→ **ABOUT THIS TASK**: Please reproduce the lines of the records below from the one holding "Luxury Cashmere Shawl" through the one holding "Som vegetarián - zelenina vo štvorci", inclusive, skipping all pictures.

→ **TASK INPUT**:

☆ ☆ ☆ ☆ ☆

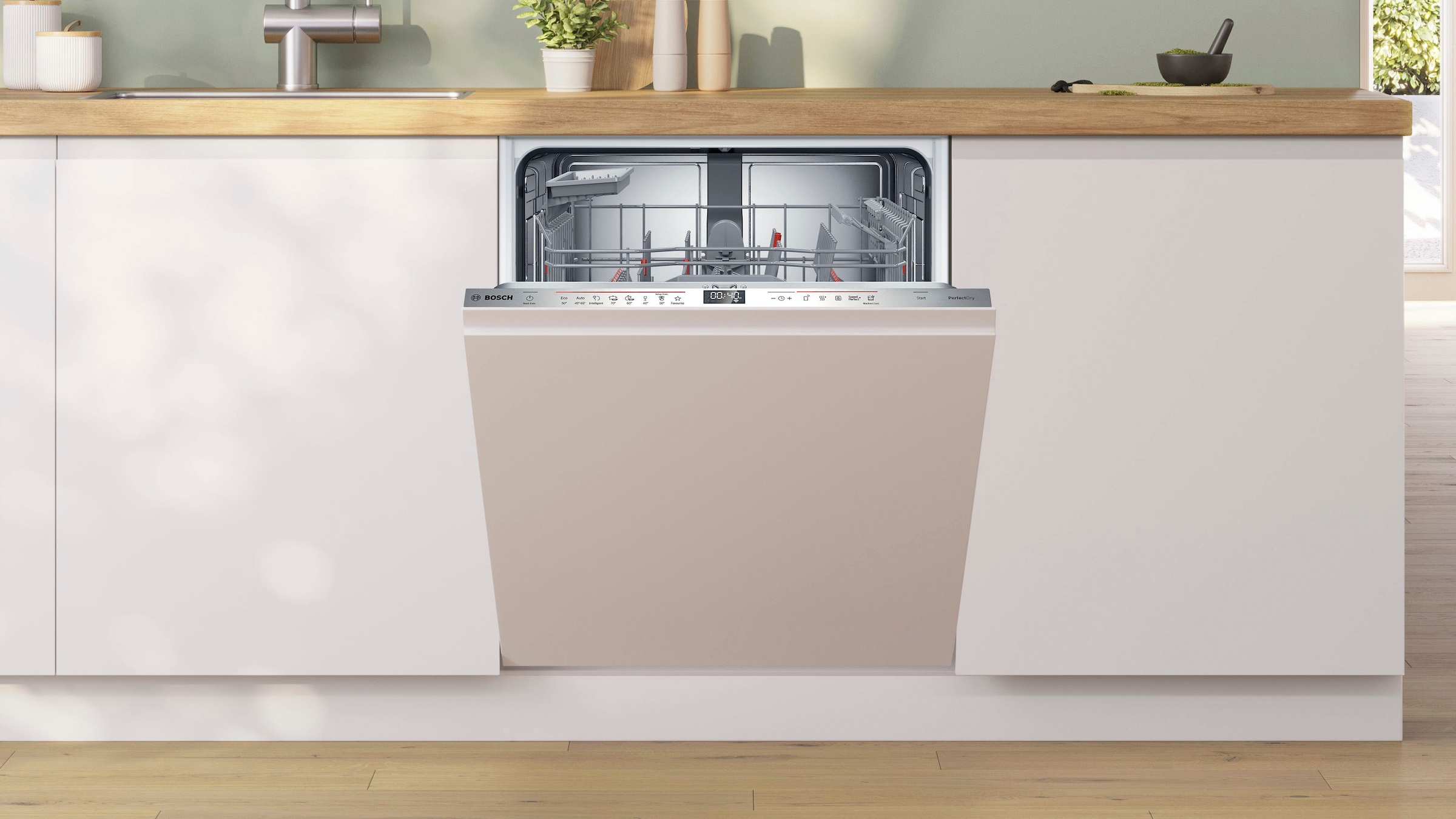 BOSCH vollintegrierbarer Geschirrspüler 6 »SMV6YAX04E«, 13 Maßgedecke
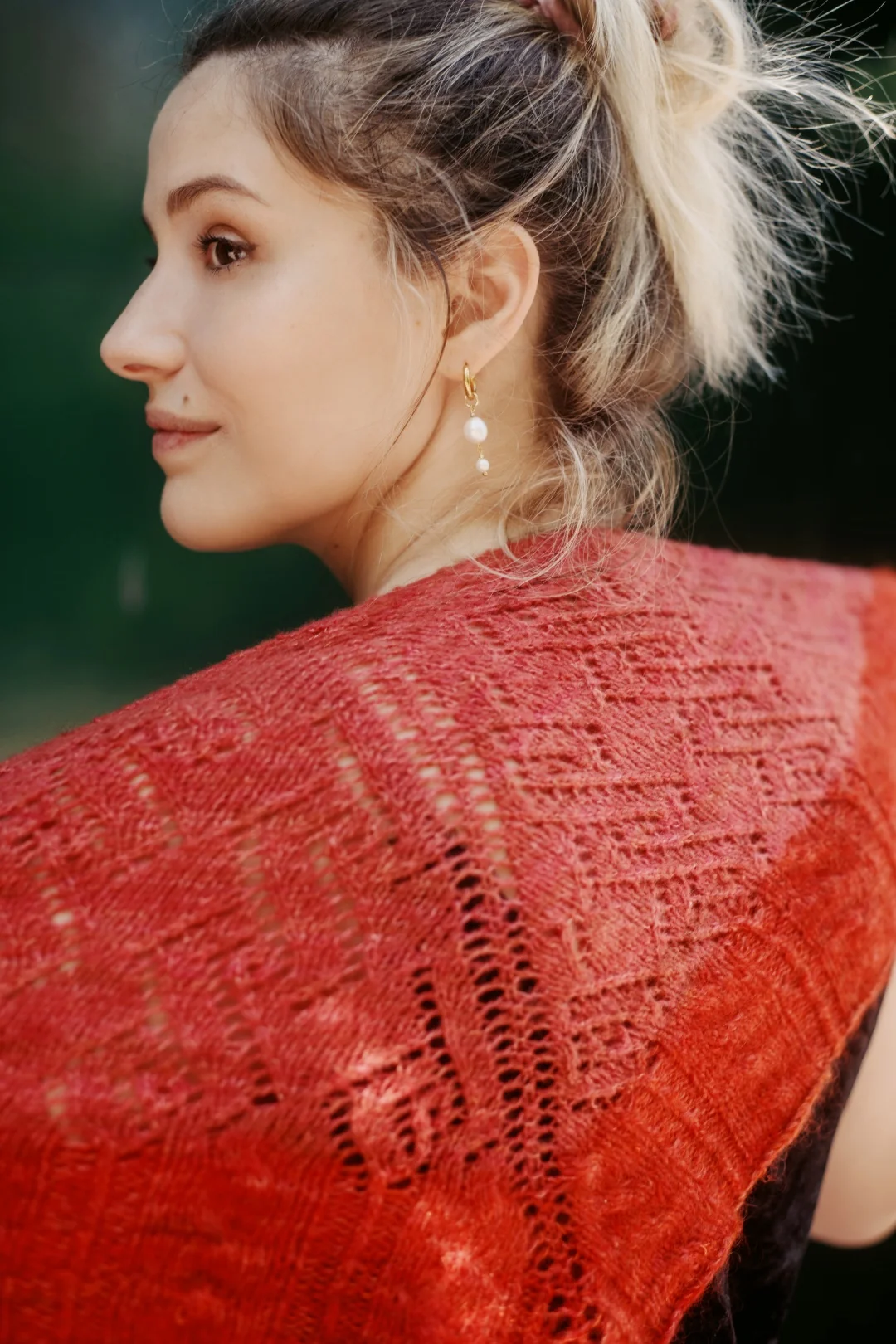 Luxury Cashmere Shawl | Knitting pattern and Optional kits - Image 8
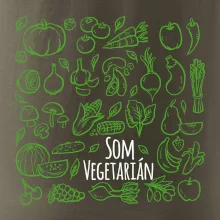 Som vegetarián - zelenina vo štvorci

☆ ☆ ☆ ☆ ☆

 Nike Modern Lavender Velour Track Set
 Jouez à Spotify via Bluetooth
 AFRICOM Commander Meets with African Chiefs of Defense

☆ ☆ ☆ ☆ ☆

→ **RESULT BELOW**:
 Luxury Cashmere Shawl | Knitting pattern and Optional kits - Image 8
 Som vegetarián - zelenina vo štvorci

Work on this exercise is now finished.